Gosto muito do cinema de Xavier Dolan. Acredito que ele seja um cineasta extremamente autoral, que evolui a cada novo filme. E Mommy, seu mais recente longa, demonstra o amadurecimento do diretor canadense de apenas 25 anos, além de adicionar outro excelente trabalho à sua curta, porém impecável, filmografia.
O roteiro se passa numa realidade alternativa, em que uma nova lei permite que o pais abandonem seus filhos problemáticos em hospitais, entregando-os à custódia do estado, sem precisar arcar com as questões legais de tal ato. Na trama, Diane ‘Die’ Després (Anne Dorval, de Eu Matei a Minha Mãe) é uma viúva que precisa cuidar de Steve (Antoine-Olivier Pilon, de Les Pee-Wee 3D: L’hiver qui a changé ma vie), seu filho violento, após ele ter sido expulso do reformatório por ter causado um incêndio que feriu outro interno. Mesmo temendo um ataque iminente e incontrolável de Steve, Die passa a tomar conta dele, contando com a ajuda da vizinha Kyla (Suzanne Clément, de Laurence Anyways).
Dolan já instaura um tom depressivo logo no início do filme, quando é constatado que a tal lei mencionada leva o nome da protagonista – o que elimina qualquer esperança de um final feliz. Isso estabelece uma dinâmica interessante entre mãe e filho, fazendo com que o público fique aliviado nos instantes de descontração (como a cena em que o garoto passeia pela rua e brinca com um carrinho de supermercado) e tema ainda mais as mudanças de humor de Steve.
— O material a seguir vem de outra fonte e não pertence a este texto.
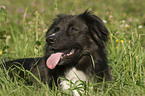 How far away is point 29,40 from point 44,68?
1.26m

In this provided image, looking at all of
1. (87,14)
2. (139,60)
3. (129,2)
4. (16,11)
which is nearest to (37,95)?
(87,14)

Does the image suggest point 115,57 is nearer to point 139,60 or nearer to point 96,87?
point 139,60

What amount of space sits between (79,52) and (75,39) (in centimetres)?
20

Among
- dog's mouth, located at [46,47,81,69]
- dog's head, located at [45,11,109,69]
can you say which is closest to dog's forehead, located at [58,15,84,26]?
dog's head, located at [45,11,109,69]

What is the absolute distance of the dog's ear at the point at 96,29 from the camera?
3.27 meters

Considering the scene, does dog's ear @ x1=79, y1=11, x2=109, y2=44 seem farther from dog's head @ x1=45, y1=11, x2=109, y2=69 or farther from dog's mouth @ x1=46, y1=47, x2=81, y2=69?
Answer: dog's mouth @ x1=46, y1=47, x2=81, y2=69

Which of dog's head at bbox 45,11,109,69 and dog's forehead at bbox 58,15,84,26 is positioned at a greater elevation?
dog's forehead at bbox 58,15,84,26

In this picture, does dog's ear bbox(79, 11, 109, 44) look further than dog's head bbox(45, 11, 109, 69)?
Yes

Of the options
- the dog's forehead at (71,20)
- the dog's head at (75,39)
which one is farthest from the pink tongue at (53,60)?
the dog's forehead at (71,20)

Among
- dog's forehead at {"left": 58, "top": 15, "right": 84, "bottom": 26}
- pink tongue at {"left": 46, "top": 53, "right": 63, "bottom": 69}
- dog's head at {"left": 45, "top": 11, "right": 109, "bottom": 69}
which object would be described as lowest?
pink tongue at {"left": 46, "top": 53, "right": 63, "bottom": 69}

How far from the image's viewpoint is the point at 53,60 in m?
3.13

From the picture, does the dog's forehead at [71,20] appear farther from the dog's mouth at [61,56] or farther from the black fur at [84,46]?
the dog's mouth at [61,56]

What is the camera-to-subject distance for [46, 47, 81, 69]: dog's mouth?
122 inches

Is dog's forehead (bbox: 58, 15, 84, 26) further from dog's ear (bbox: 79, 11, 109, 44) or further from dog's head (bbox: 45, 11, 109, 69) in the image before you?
dog's ear (bbox: 79, 11, 109, 44) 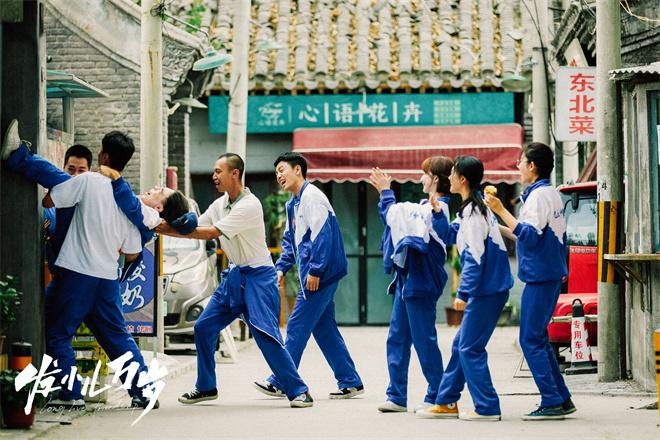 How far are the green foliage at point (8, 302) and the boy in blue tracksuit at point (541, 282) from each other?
3.65m

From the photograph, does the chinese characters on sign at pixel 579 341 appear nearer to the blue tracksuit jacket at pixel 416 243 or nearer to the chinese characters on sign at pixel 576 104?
the chinese characters on sign at pixel 576 104

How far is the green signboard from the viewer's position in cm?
2653

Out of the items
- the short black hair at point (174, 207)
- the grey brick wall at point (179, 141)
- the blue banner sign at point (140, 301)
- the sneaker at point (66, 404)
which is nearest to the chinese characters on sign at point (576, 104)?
the blue banner sign at point (140, 301)

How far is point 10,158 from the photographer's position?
10.8 m

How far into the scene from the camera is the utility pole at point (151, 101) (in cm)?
1669

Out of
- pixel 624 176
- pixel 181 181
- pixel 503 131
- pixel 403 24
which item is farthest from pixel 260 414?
pixel 403 24

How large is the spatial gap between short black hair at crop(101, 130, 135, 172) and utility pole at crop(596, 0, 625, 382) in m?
5.07

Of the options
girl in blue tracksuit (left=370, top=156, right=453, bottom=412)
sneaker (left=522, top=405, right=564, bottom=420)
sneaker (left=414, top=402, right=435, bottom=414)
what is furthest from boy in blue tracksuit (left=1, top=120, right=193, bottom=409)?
sneaker (left=522, top=405, right=564, bottom=420)

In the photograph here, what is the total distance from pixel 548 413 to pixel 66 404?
384 cm

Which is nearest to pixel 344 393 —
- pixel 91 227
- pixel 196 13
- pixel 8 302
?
pixel 91 227

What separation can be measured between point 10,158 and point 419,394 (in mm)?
4847

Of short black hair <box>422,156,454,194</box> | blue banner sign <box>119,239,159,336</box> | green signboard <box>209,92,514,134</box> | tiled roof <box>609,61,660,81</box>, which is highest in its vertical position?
green signboard <box>209,92,514,134</box>

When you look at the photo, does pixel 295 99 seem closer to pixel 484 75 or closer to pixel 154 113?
pixel 484 75

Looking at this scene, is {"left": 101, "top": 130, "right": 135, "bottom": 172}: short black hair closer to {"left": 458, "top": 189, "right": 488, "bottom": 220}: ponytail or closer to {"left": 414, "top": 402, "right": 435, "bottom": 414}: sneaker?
{"left": 458, "top": 189, "right": 488, "bottom": 220}: ponytail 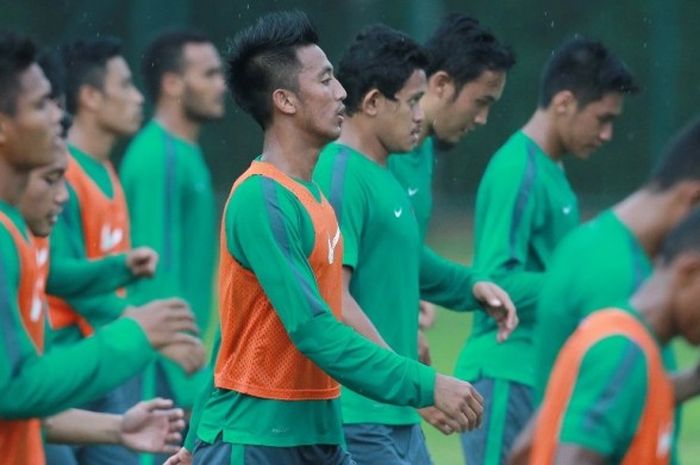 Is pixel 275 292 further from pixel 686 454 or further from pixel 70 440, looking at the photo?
pixel 686 454

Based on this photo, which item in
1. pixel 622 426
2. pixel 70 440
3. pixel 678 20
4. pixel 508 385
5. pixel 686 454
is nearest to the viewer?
pixel 622 426

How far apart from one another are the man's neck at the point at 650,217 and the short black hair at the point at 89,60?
200 inches

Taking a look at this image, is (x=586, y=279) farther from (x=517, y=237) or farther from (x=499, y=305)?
(x=517, y=237)

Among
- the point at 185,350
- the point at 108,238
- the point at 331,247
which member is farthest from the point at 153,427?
the point at 108,238

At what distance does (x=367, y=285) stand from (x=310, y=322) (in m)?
1.17

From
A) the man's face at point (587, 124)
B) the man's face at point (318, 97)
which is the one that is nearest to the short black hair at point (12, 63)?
the man's face at point (318, 97)

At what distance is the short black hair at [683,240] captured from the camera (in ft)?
12.3

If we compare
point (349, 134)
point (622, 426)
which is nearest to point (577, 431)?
point (622, 426)

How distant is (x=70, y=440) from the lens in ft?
17.4

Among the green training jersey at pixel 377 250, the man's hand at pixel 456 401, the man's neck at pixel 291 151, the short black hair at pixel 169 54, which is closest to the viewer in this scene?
the man's hand at pixel 456 401

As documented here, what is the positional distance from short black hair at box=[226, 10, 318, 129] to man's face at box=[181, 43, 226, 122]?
15.3 ft

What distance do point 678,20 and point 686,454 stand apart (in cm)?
569

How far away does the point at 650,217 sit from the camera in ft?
15.4

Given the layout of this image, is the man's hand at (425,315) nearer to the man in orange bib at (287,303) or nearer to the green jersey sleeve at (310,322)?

Mas uma das maiores qualidades de Mommy reside no fato de o longa não apontar heróis e nem vilões. Sim, Steve é uma pessoa quase insuportável, mas é também (e principalmente) uma pessoa muito doente, que em seus “dias bons” consegue ser doce, carinhoso e carismático. E por mais que Die seja tratada como uma vítima do comportamento do filho, ela não é totalmente isenta de culpa. Incapaz de se comunicar se gritar, ela se mostra bastante negligente em relação à criação do filho. Prova disso é o momento em que Steve é repreendido por Kyla, reagindo de uma forma que sugere que ele não está acostumado com um tipo de atitude mais severa. Porém, o mais surpreendente (e comovente) é que, apesar de todos os problemas, fica claro que Die e Steve se amam e se preocupam um com o outro, o que torna o desfecho da sua história ainda mais emocionante.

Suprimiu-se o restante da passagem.